EXERCISE DIRECTIONS
A faithful copy of all the data is the goal; omit the pictures.

RECORDED INFORMATION
+--

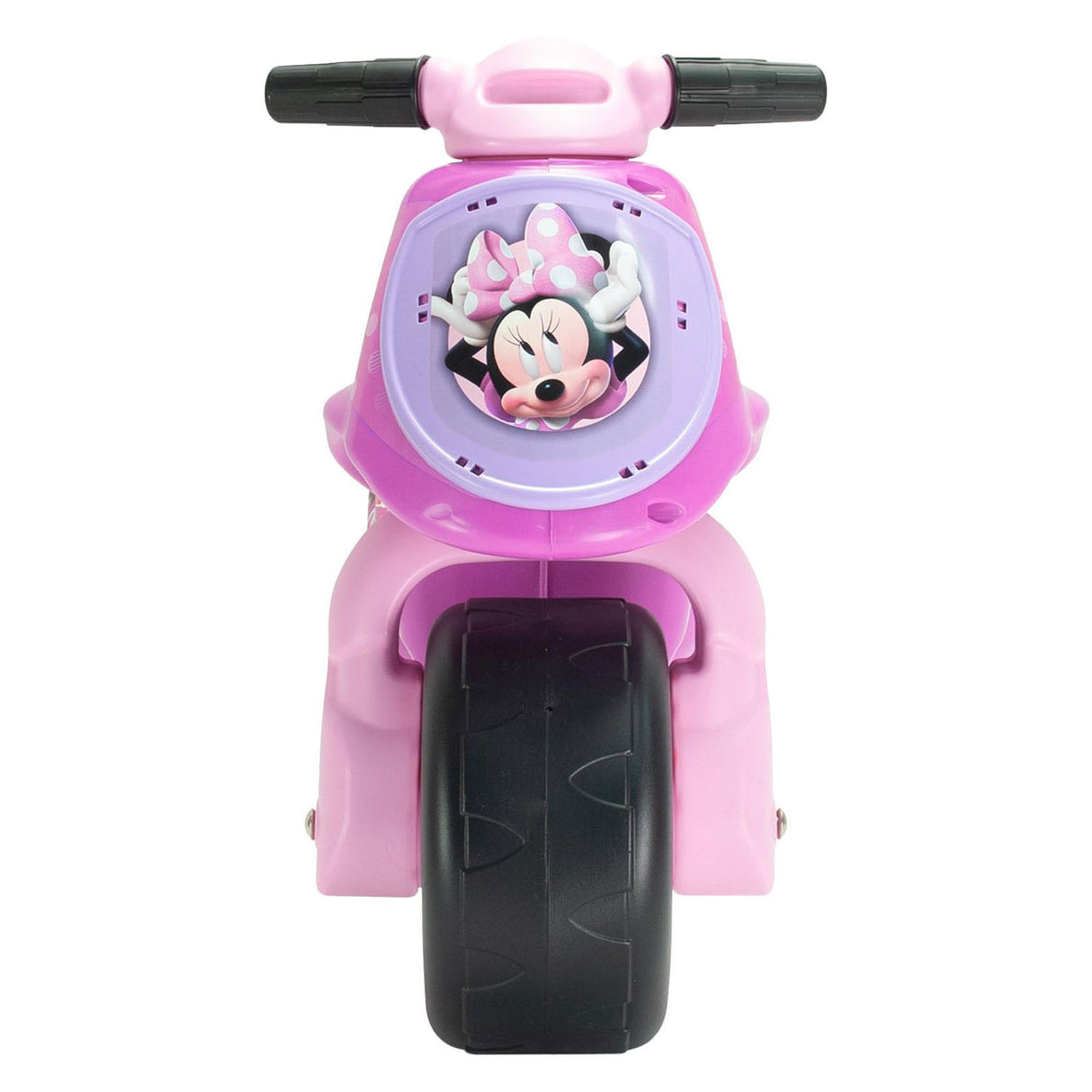 Injusa løbende figur minnie
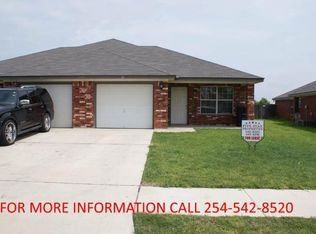 2101 Schorn Dr APT B, Killeen, TX 76542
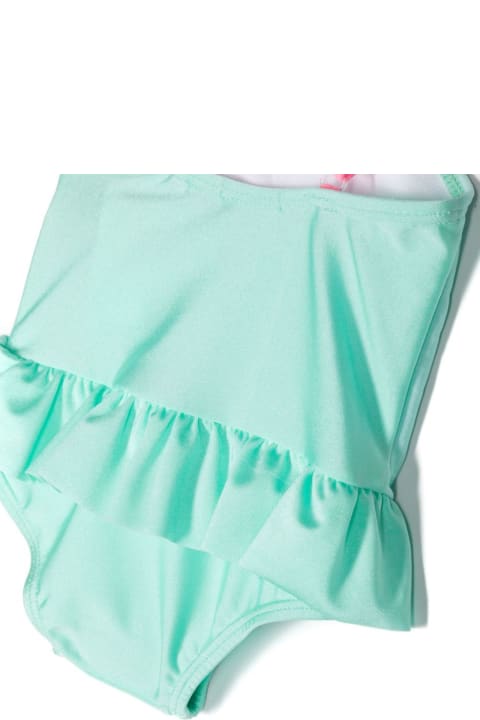 Billieblush Swimwear for Baby Girls Billieblush Billieblush Sea Clothing Multicolour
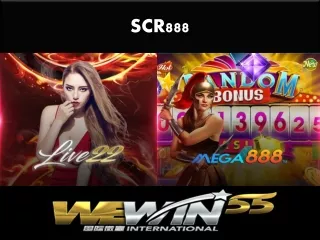 scr888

+--

TASK RESPONSE
 Injusa løbende figur minnie
 2101 Schorn Dr APT B, Killeen, TX 76542
 Billieblush Swimwear for Baby Girls Billieblush Billieblush Sea Clothing Multicolour
 scr888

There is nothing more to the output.